The chairman of Dartmouth's Board of Trustees is in Washington this morning to ask Congress to confirm him as the United States ambassador to South Korea, three weeks after President Clinton nominated him for the position.
Stephen Bosworth '61 will testify before the Senate committee chaired by Jesse Helms, the cantankerous North Carolina Republican who made headlines this summer by refusing to hear testimony from former Massachusetts Governor William Weld, who was nominated as envoy to Mexico.
Weld eventually gave up without ever winning a nomination hearing.
It is unlikely that Bosworth, who is backed by the State Department, will face serious opposition. His nomination must be confirmed by a majority vote on the Senate floor.
If confirmed, it is probable that Bosworth will remain chairman of Dartmouth's Board.
If he is named ambassador, Bosworth will be a key player in negotiations between North Korea, South Korea, China and the U.S, which is overseeing talks aimed at stabilizing the Korean peninsula.
North Korea and South Korea have signed a cease-fire, but the two countries have not yet made a formal peace. The U.S., a key ally of Seoul, has not established diplomatic relations with North Korea.
Bosworth would fill a position left vacant since January, when the previous ambassador to Korea, James Laney, resigned.

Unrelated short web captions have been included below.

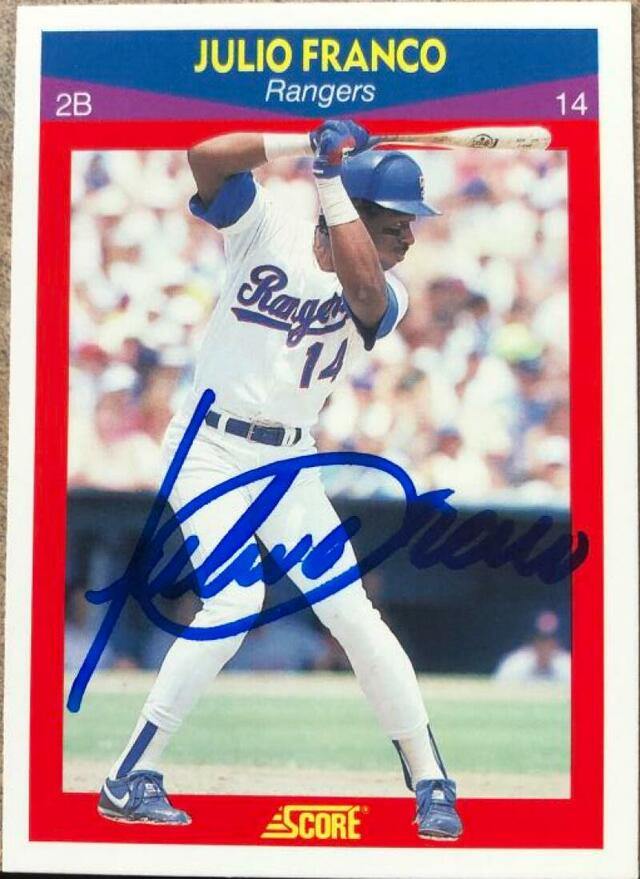 Julio Franco Signed 1990 Score 100 Superstars Baseball Card - Texas Rangers - PastPros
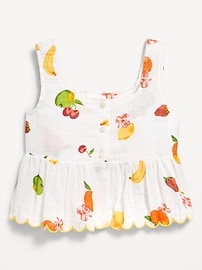 Image number 2 showing, Printed Sleeveless Button-Front Double-Weave Top for Girls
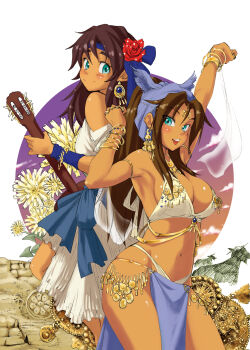 2girls absurdres arm_up bare_shoulders blush bracelet breasts brown_hair circlet closed_mouth dark-skinned_female dark_skin earrings flower guitar gypsy hands_up headband highres instrument jewelry large_breasts long_hair looking_at_viewer looking_back multiple_girls navel nekoguchi open_mouth original pelvic_curtain ring smile stomach teeth thighs upper_teeth_only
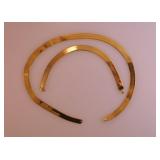 10K yellow gold 17' herringbone chain necklace,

Bosworth was selected for the ambassadorship after a long career in public service and foreign relations, but his current position as executive director of the Korean Peninsula Energy Development Organization was the overriding factor in his nomination, according to a State Department official.

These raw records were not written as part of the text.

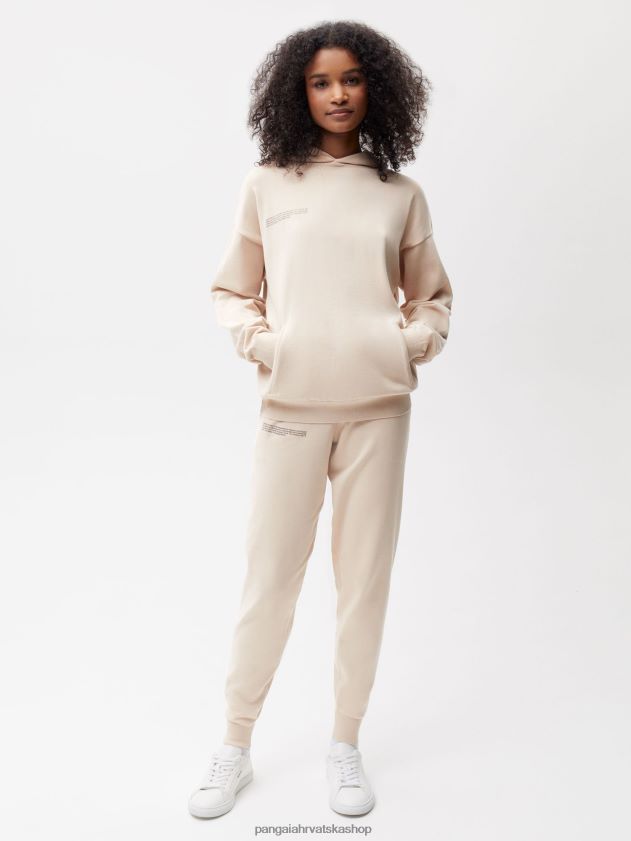 odjeća Pangaia sportske hlače od organskog pamuka pijesak žene 4VDHN0326
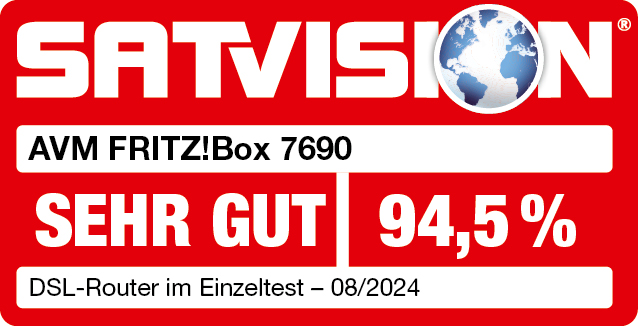 Satvision: AVM FRITZ!Box 7690, Sehr Gut, 94,5% im Test.
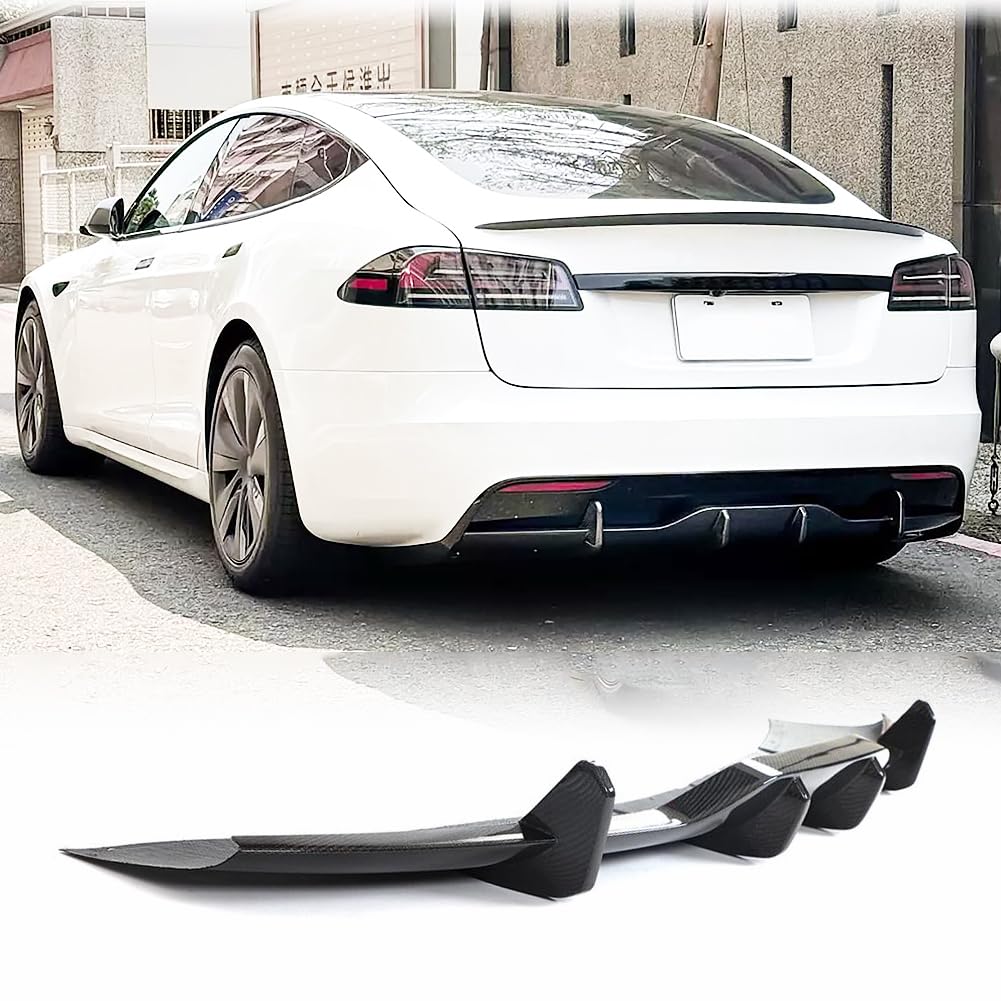 DSI - REAL - Carbon Fiber Rear Diffuser for Tesla Model S 2021 2022 2023 Rear Bumper Splitters Lower Lip Spoiler Valance Protector Factory Outlet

Bosworth entered the State Department as a foreign service officer in 1961 and has held assignments in Paris, Madrid and Panama. From 1979 to 1981, he was the ambassador to Tunisia, and from 1984 to 1987 he served as ambassador to the Philippines. He then served as president of the United States-Japan Foundation, a private grant-making institution.
Bosworth's current job is at the head of an international consortium to oversee implementation of a nuclear agreement between the U.S. and North Korea. The organization is responsible for delivering $5 billion of energy to North Korea in return for the dismantling of their currently unsafe national nuclear program.
North Korea does not yet meet International Atomic Energy Agency standards. The greatest concern for U.S. interests is radioactive plutonium, a chemical waste product that can be used to build nuclear bombs.